Por las páginas de “América” desfilan, siempre en blanco y negro, los famosos de cuarto de hora junto a las viejas estrellas con años de fama a sus espaldas, que exhiben sin pudor en las fiestas mundanas su decrépita decadencia, manteniendo artificialmente los restos de aquella elegancia que les llevó a la fama: Elizabeth Taylor, Gloria Swanson, Lillian Gish (“A Bette Davis no le gusté nunca, pero sigue siendo la mejor actriz del mundo”). Hay atletas de lucha libre y deportistas de élite (John McEnroe). Cantantes famosos (Toni Bennet, Madonna, Diana Ross, Mick Jagger, Laurie Anderson), estrellas rutilantes (Liza Minnelli, Billy Idol, John Travolta, Mel Gibson), artistas de éxito (Robert Rauschenberg, Jean-Michel Basquiat, David Hockney). Y escritores: Norman Mailer y un Truman Capote con las cicatrices sobre su cara de una reciente operación de estiramiento de la piel… toda una metáfora de la fama y el buen aspecto. Todos ellos conforman una cierta América que el cine y la televisión se han encargado de convertir en una mitología portátil. Ese cine y esa televisión que son también objetos del objetivo de Andy Warhol.

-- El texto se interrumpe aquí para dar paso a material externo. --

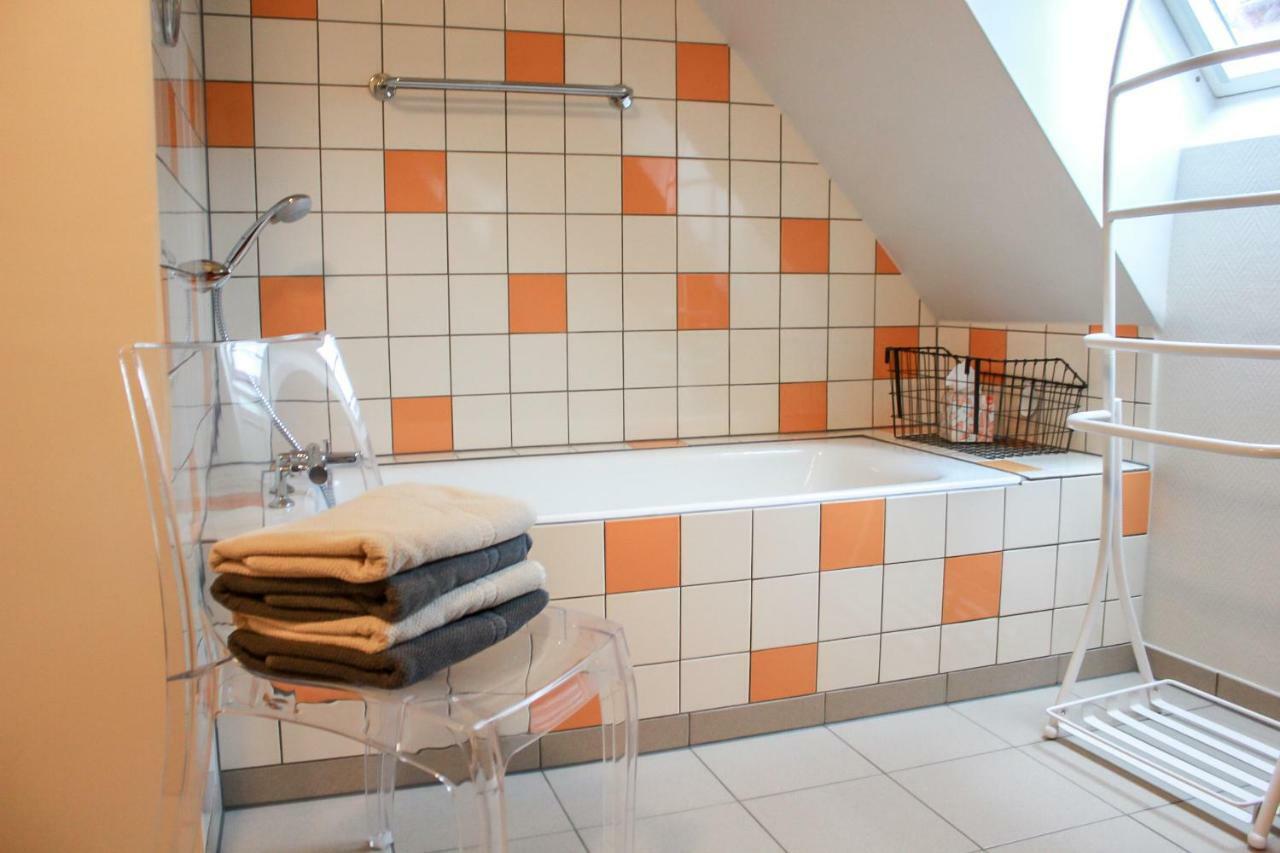 Appartement Passe Partout Lucenay-l'Eveque Zewnętrze zdjęcie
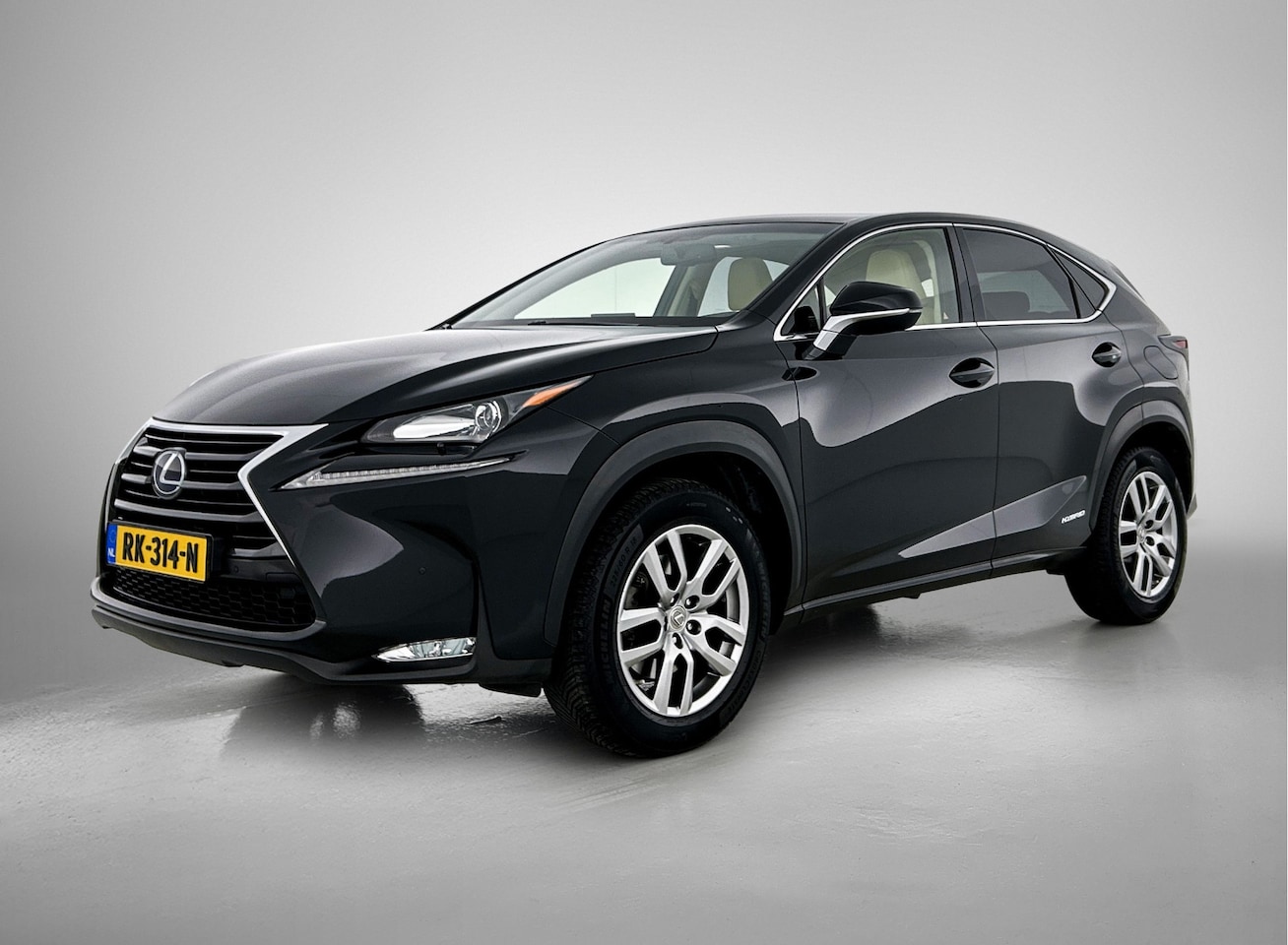 Lexus NX - 300h AWD Luxury Line 300h AWD Luxury Line - AutoWereld.nl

Cuesta creer que el artista mundano, siempre rodeado de fama y glamour, de millonarios elegantes y de bellezas más o menos exóticas, estuviese interesado en mostrar en sus fotografías también el desamparo de los sin techo, de los parados y de los inmigrantes y que manifieste una irónica mirada sobre los pobres: “Ya no se oye aquella expresión de ‘pobre pero honrado’… ahora, cuando se ve a alguien pobre se piensa: son pobres porque no han conseguido hacerse un hueco en el mercado”.
En un texto dramático Warhol recuerda aquel momento, en 1968, en el que estuvo al borde de la muerte a consecuencia de los disparos de una de sus musas, Valerie Solanas. Y retrata a la muerte en esas viejas tumbas de los cementerios en las que apenas se pueden leer las gastadas letras grabadas sobre la superficie de lápidas de piedra humedecida: “Siempre he pensado que me gustaría tener una tumba sin nada escrito. Ni epitafio ni nombre. Bueno, la verdad es que me gustaría que pusiera: ficción”. Pues eso.